I've tried to open an image in Windows Photo Viewer, right click and then set image as 
desktop, but every time i try that a window pops up saying: This image can't be set as wallpaper. An internal error has occurred.
The only option is to click OK, and it doesn't give any information about why i can't switch the picture.

Thanks for any help in advance!


----------



## Hughv (Jul 22, 2006)

Right-click the desktop and select "Personalize".
Select "Desktop Background", then navigate to the image you want.


----------



## antech (Feb 23, 2010)

Is WAT notified you that the windows is not genuine?


----------



## dudemonz (Apr 16, 2010)

Hughv, I already know how to do that, it never works no matter which way I try to switch the wallpaper. Thanks for the suggestion though.

antech, I'm not sure what WAT is, i bought my laptop from FutureShop, which is a pretty big trusted chain of store in Canada, owned by BestBuy, am pretty sure it's a genuine copy of Windows 7.

any other suggestions? should I create a new user account? will that help???


----------



## Hughv (Jul 22, 2006)

What background is currently selected?
Try using Explorer to select an image.


----------



## dudemonz (Apr 16, 2010)

I used the slide show for wallpaper feature. and used a folder from my pictures folder of photos ive taken. now its stuck on one of the photos i took.... i even took the photo out of the folder and deleted in hopes that it would just cancel the slide show, but it always stays in slide show mode with every photo selected from which ever folder is selected within the my pictures folder.


----------



## dudemonz (Apr 16, 2010)

im using Firefox and i just right clicked on a photo from there and it switched the background, but still when i try to right click on one of my own photos it still wont switch and gives me that same warning as before, internal error has occurred...


----------



## dudemonz (Apr 16, 2010)

OK well after using mozilla to switch the wallpaper and then restarting my computer it seems to be working fine now!

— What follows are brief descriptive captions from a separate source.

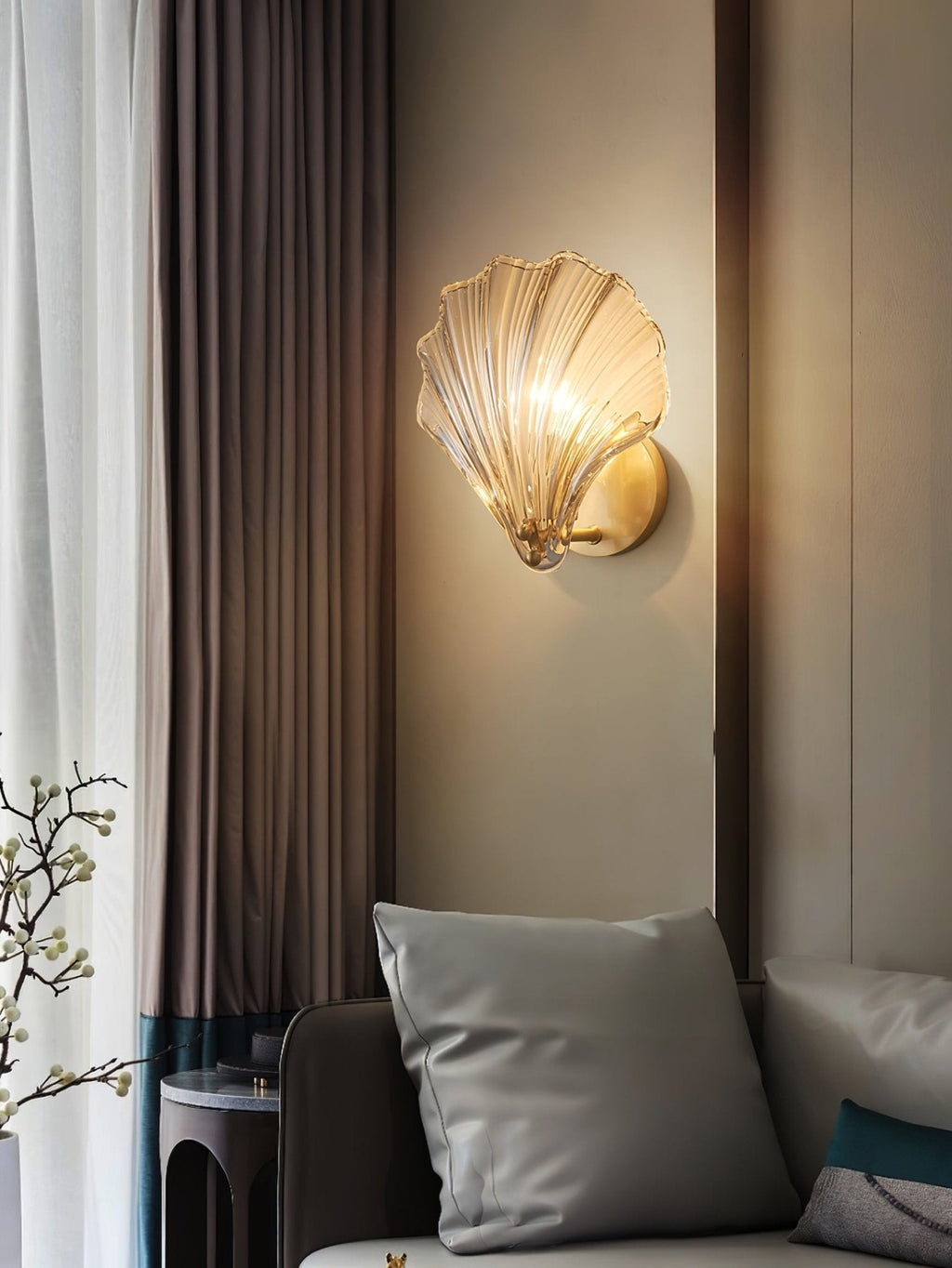 Shell Wall Light | Brass Finish, Amber & Clear Shade | Ideal for Indoor Spaces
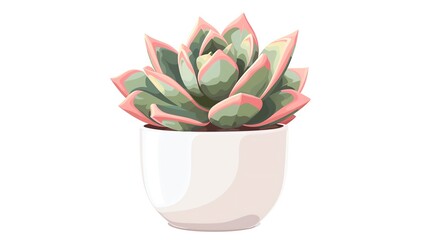 Fototapeta premium Create a clipart of a Succulent plant with colorful rosette leavesin a kawaii style, simplified to feature fewer elements for a cleaner look, Use a color palette that is appealing to children,
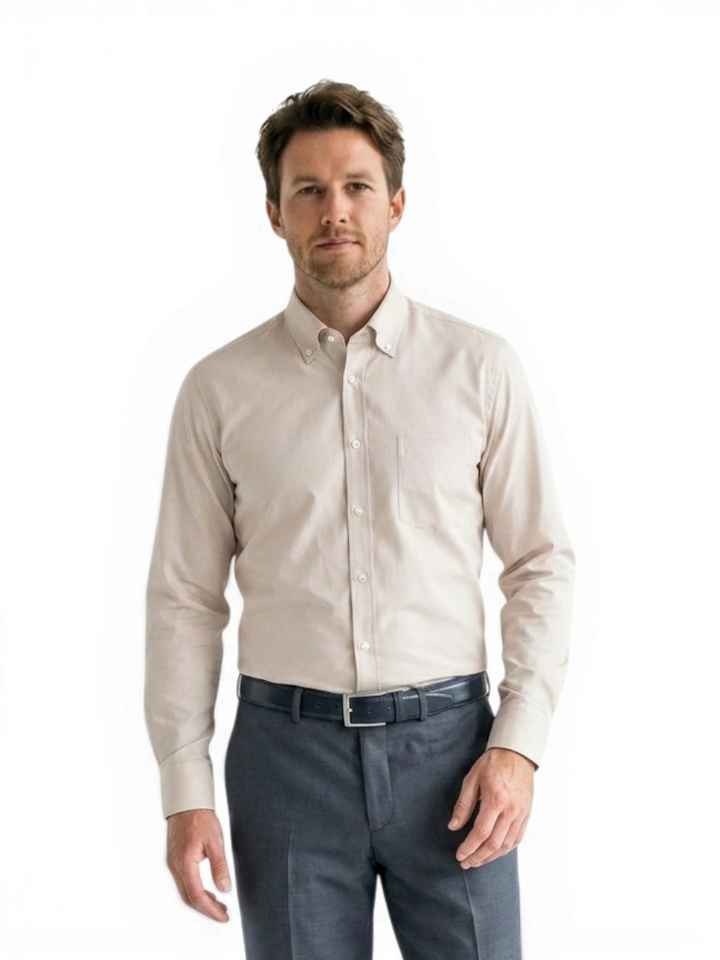 Beige zacht katoenen hemd ( regular fit) met lange mouwen Bugatti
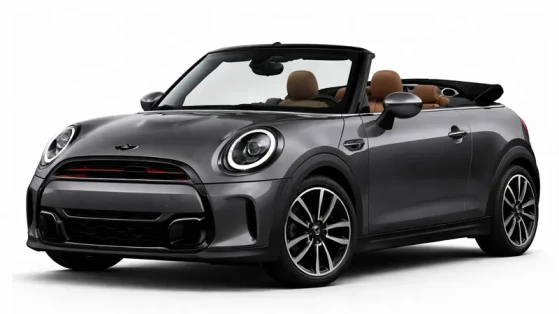 A gray Mini Cooper convertible offered for rental by the company Imperial Car Rental.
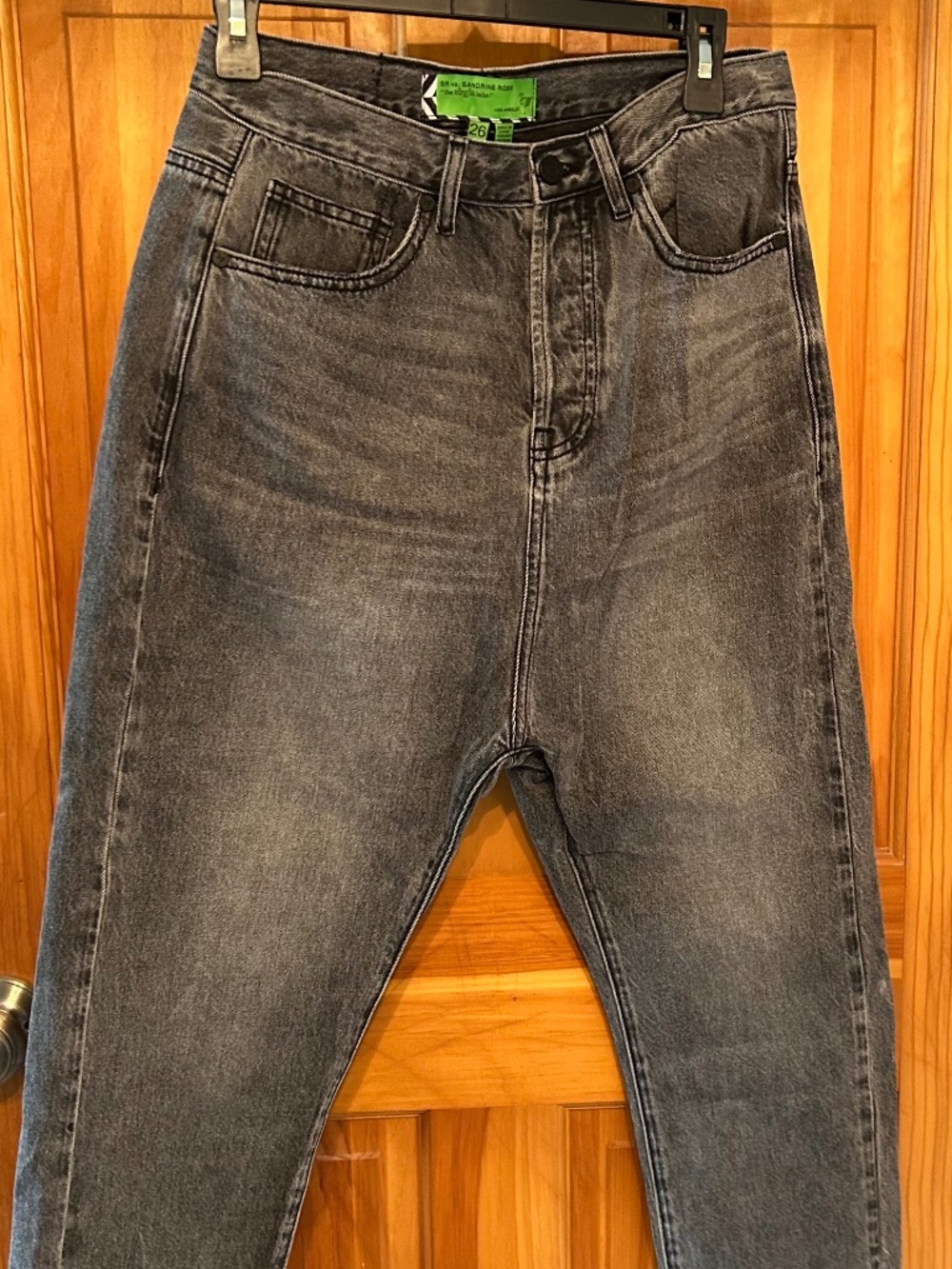 NWT Free People Size 26 Drop Crotch Black Washed Harem Jeans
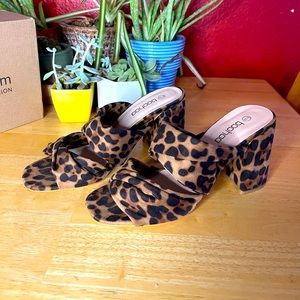 BooHoo Leopard Flared Heel Mules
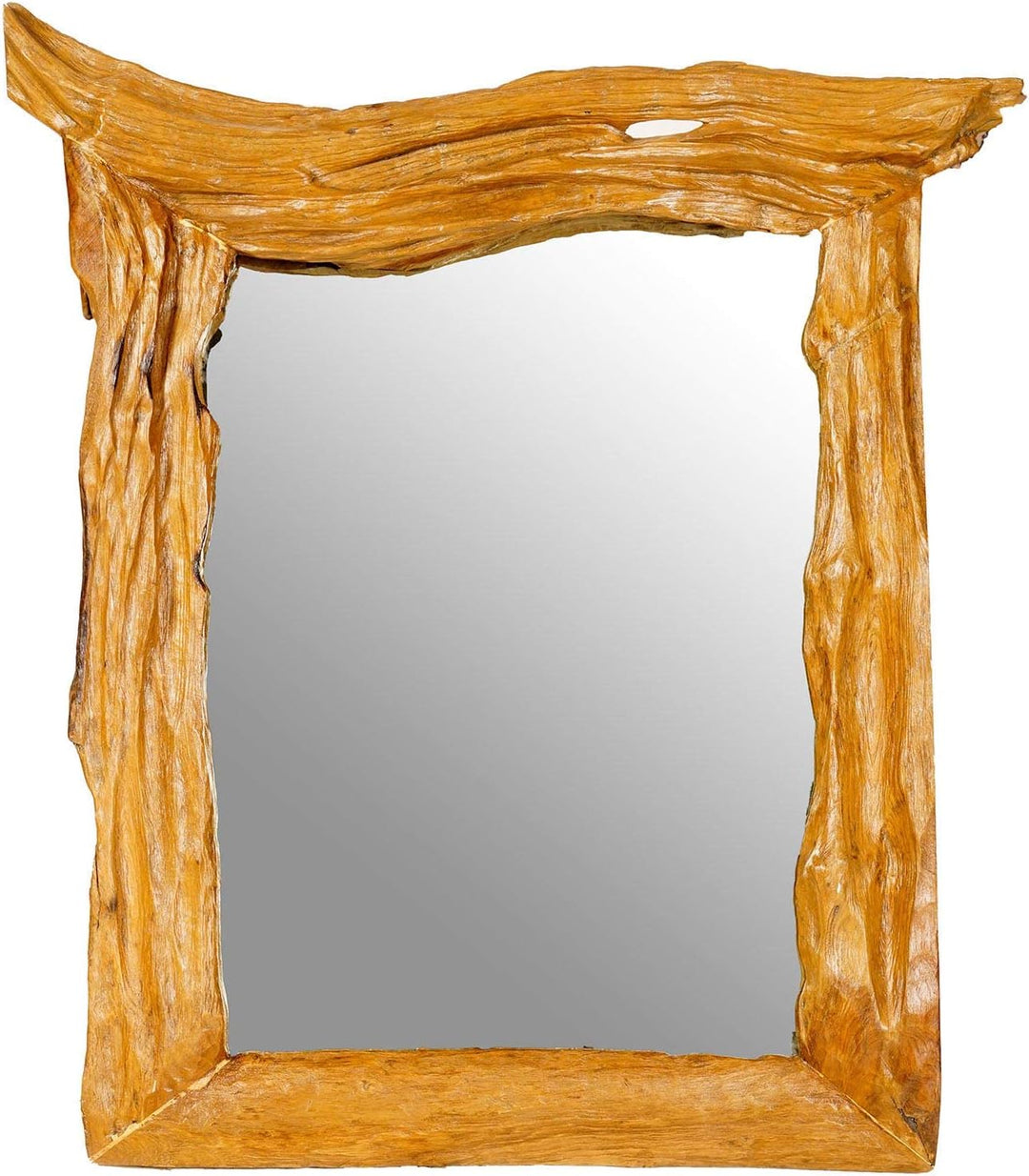 Windalf Grosser Landhaus Wandspiegel ARANWÄ 95 cm Natur Holzspiegel Rustikaler Wandspiegel Handarbei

Thanks for the internet suggestion Hughv!!!!!

problem solved for now, and i will never try to use the wallpaper slide show again.


----------



## antech (Feb 23, 2010)

The Wallpaper Slide Show cannot cause such silly problems!
Can it?
Personally I dont think so


----------



## Hughv (Jul 22, 2006)

antech said:


> The Wallpaper Slide Show cannot cause such silly problems!
> Can it?
> Personally I dont think so


I think an image was missing, but an MS program can do anything.


----------



## antech (Feb 23, 2010)

But excluding this thing....
Cheers.


----------